Nothing is stopping the Cricket Australia board from unilaterally removing David Warner’s leadership ban and ending a saga called “shambolic” by his lawyer, despite claims by the chief executive Nick Hockley that it must be dealt with by an independent commission.
In radio and press interviews on Friday, Hockley insisted there were “mandatory standards of Sports Integrity Australia” that CA was bound to abide by, stressing that the governing body had no ability to reverse Warner’s ban by any other avenue than through a hearing run by the independent commissioners.
However, multiple sources confirmed to The Age and The Herald on Saturday that Sports Integrity Australia does not set mandatory parameters for CA other than to require impartiality from tribunal members. It has no power to stop the CA board from discussing or overturning Warner’s ban.
Warner’s lawyer, Adam Lunn, also asserted that the board had the power to overturn the ban.
“One thing has been lost in all this mess,” Lunn said. “Back in 2018, CA’s board [not an independent panel] received a hurried report from CA Integrity and within a matter of days decided to seek to impose a lifetime ban on David’s leadership.
“He accepted it and has worked hard since then to better himself notwithstanding that there was no prospect of him ever holding a leadership position again.
“Of course CA’s board now has the power to review and ‘lift’ its own ban. It was a CA board ban and CA is the governing body. Why CA doesn’t just do that only compounds the shambolic approach taken by the panel.”
Sports Integrity Australia is an executive agency of the Australian government that was formed in 2020 by combining the Australian Sports Anti-Doping Authority, The National Integrity of Sport Unit, and the integrity programs of the Australian Sports Commission.

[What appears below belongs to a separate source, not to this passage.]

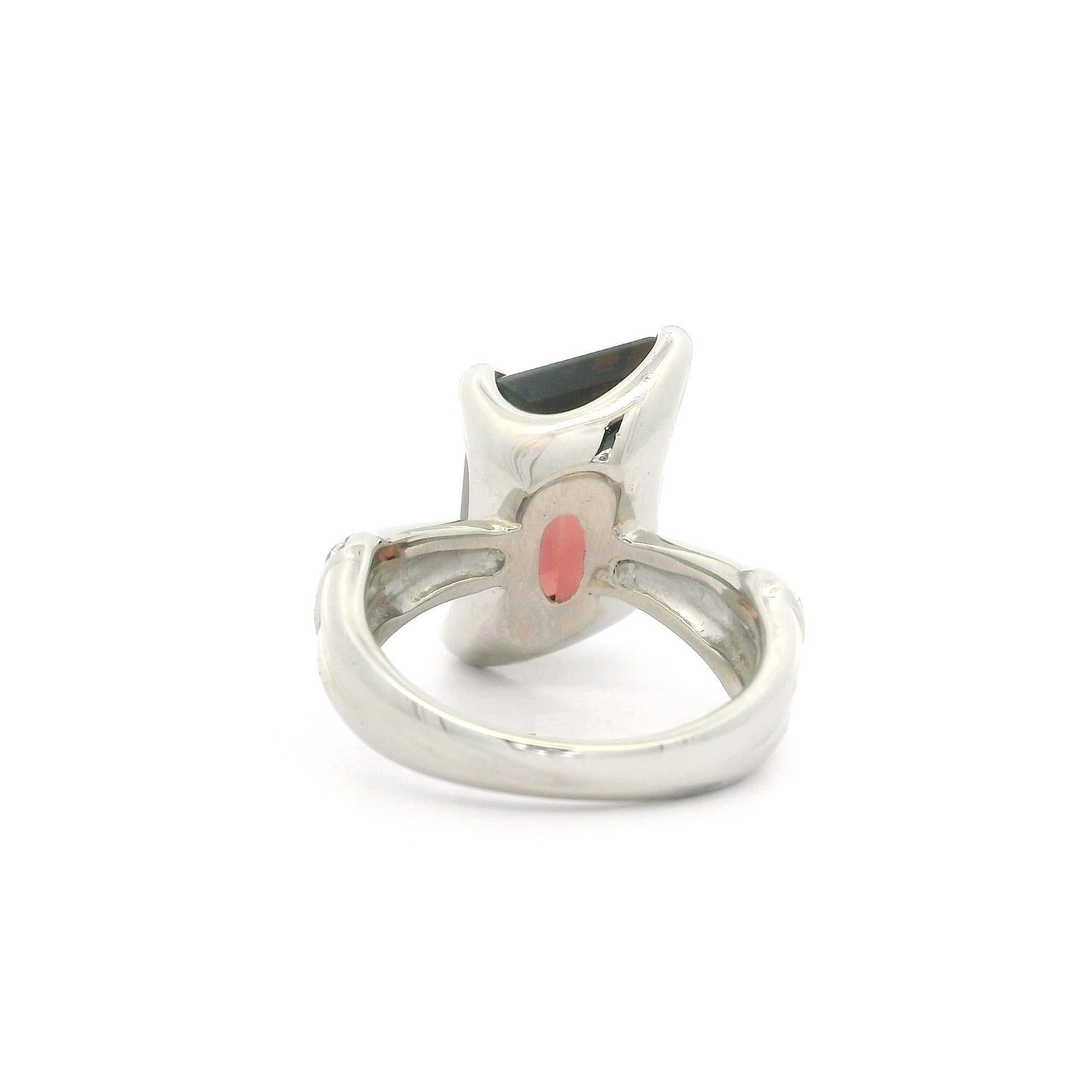 Bague fantaisie de forme unique en platine, tourmaline melon d'eau 10,08 carats et diamants en vente 3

“It’s a matter for Cricket Australia,” an ASC spokesman said.
By way of response, CA has argued that its integrity policies need to be approved by Sports Integrity Australia, including requirements for impartial tribunal members.
But multiple sport integrity experts on Saturday backed up the interpretation that it was within the constitutional powers of the CA board to unilaterally lift Warner’s ban without recourse to an independent integrity process.
Warner was banned from holding leadership positions in Australian cricket for life as part of CA’s response to the 2018 Newlands scandal.
The ban was imposed directly and additionally by the CA board, then chaired by David Peever, after its integrity unit and executive had recommended hefty but not lifetime playing bans for Warner, Steve Smith and Cameron Bancroft.
CA subsequently argued that because the leadership ban was written onto Warner’s charge sheet, it could not be reconsidered or overturned without a rewrite of the code of conduct to make this possible.
Hockley, who had personally worked alongside head of integrity Jacqui Partridge to review and rewrite the governing body’s code of conduct, to find a way for Warner’s case and other long-term sanctions to be reconsidered, had argued the matter was out of CA’s hands.
“What we have demonstrated is that we have very strong integrity processes that are in line with best practice, including the mandatory standards of Sports Integrity Australia,” Hockley said.
“The alternative to putting in place a proper process is just to make reactive decisions. That is not appropriate around matters of integrity. The sports world globally is under the microscope for their integrity processes. I will make no apology for the fact we’ve engaged with the best people we’ve got, best in class governance, and we run a proper, fair, independent process.”
Warner created chaos on Wednesday night when he revealed a decision to drop out of the code of conduct process to have his ban overturned because he feared the matter would go to a hearing that amounted to a “public lynching” of him and his family, five years after the Newland scandal.
In his statement, Warner revealed that the code of conduct commissioners overseeing the case and their counsel assisting, who was later removed, had indicated that they thought CA needed a public “cleansing” around the 2018 ball tampering affair.
“In effect, counsel assisting, and, it appears, to some extent the review panel, want to conduct a public trial of me and what occurred during the Third Test at Newlands,” Warner had said. “They want to conduct a public spectacle to, in the panel’s words, have a “cleansing”.
“It appears that the panel has given no more than passing consideration to issues of player welfare and the interests of Australian cricket and is instead determined to conduct a public lynching.
“Regrettably, I have no practical alternative at this point in time but to withdraw my application. I am not prepared to subject my family or my teammates to further trauma and disruption by accepting a departure from the way in which my application should be dealt with pursuant to the code of conduct. Some things are more important than cricket.”